TASK TO COMPLETE =
Copy out all lines from the entries below in which "Door" occurs.

[Data records]
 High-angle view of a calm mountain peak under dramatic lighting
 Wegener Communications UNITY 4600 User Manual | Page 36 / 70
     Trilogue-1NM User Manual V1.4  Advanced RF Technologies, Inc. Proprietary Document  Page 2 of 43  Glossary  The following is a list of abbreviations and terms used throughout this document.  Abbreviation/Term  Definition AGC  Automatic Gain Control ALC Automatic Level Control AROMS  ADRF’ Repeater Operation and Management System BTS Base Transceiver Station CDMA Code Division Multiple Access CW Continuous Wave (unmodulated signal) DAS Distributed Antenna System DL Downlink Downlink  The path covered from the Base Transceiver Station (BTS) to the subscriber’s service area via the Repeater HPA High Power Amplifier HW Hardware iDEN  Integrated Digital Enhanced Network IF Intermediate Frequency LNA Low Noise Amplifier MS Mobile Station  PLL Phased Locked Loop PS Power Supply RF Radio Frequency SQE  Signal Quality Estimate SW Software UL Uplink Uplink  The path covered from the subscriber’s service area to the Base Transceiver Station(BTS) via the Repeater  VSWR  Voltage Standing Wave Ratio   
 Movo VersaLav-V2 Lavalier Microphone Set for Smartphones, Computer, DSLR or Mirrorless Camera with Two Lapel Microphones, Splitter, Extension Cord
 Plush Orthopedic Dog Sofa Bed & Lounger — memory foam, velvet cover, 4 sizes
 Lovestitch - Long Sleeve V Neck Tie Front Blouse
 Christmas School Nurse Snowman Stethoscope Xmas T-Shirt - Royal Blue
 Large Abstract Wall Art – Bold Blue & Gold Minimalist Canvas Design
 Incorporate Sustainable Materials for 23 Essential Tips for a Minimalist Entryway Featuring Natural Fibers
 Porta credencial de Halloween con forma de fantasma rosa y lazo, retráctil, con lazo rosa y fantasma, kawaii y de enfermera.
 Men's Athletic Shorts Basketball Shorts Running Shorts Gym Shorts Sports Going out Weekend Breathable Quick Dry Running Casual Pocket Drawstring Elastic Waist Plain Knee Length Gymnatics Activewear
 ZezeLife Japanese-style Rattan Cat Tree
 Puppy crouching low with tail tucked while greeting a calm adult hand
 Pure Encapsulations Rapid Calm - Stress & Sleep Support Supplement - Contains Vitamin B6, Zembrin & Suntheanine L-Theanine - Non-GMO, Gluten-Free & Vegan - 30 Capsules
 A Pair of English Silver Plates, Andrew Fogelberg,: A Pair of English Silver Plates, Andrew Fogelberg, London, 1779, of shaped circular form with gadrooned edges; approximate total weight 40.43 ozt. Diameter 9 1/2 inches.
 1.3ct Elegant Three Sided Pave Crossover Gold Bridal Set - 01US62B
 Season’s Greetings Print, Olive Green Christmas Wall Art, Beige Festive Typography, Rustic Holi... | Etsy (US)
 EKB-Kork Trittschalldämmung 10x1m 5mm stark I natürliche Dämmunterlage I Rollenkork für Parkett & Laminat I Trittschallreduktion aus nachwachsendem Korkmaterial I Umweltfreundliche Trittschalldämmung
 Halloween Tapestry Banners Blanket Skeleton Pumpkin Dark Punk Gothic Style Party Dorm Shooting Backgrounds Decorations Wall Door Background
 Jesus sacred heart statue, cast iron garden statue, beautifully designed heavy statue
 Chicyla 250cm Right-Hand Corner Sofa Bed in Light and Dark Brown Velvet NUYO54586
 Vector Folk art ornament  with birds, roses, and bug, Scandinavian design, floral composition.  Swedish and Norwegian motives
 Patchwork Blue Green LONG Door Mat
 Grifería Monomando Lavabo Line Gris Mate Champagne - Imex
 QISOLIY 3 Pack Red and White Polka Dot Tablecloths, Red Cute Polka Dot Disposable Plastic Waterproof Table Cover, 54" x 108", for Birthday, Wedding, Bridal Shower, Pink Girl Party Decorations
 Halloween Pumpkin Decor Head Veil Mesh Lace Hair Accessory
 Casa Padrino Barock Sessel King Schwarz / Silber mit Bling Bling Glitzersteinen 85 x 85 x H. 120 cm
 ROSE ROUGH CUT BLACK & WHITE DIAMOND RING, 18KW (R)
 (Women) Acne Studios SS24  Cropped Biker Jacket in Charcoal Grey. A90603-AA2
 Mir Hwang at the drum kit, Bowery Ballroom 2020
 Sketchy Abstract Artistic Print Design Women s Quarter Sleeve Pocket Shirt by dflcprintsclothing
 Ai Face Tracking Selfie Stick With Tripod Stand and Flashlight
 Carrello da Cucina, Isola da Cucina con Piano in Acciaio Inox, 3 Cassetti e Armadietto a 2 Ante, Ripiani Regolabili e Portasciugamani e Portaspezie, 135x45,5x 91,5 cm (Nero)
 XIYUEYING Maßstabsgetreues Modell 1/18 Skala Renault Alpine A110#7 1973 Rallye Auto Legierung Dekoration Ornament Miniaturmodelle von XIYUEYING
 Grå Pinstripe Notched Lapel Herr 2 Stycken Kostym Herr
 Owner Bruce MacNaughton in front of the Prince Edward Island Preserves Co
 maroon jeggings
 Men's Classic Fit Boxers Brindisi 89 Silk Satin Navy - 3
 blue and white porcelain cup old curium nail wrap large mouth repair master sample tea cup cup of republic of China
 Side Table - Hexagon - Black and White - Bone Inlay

ANSWER SECTION =
 Halloween Tapestry Banners Blanket Skeleton Pumpkin Dark Punk Gothic Style Party Dorm Shooting Backgrounds Decorations Wall Door Background
 Patchwork Blue Green LONG Door Mat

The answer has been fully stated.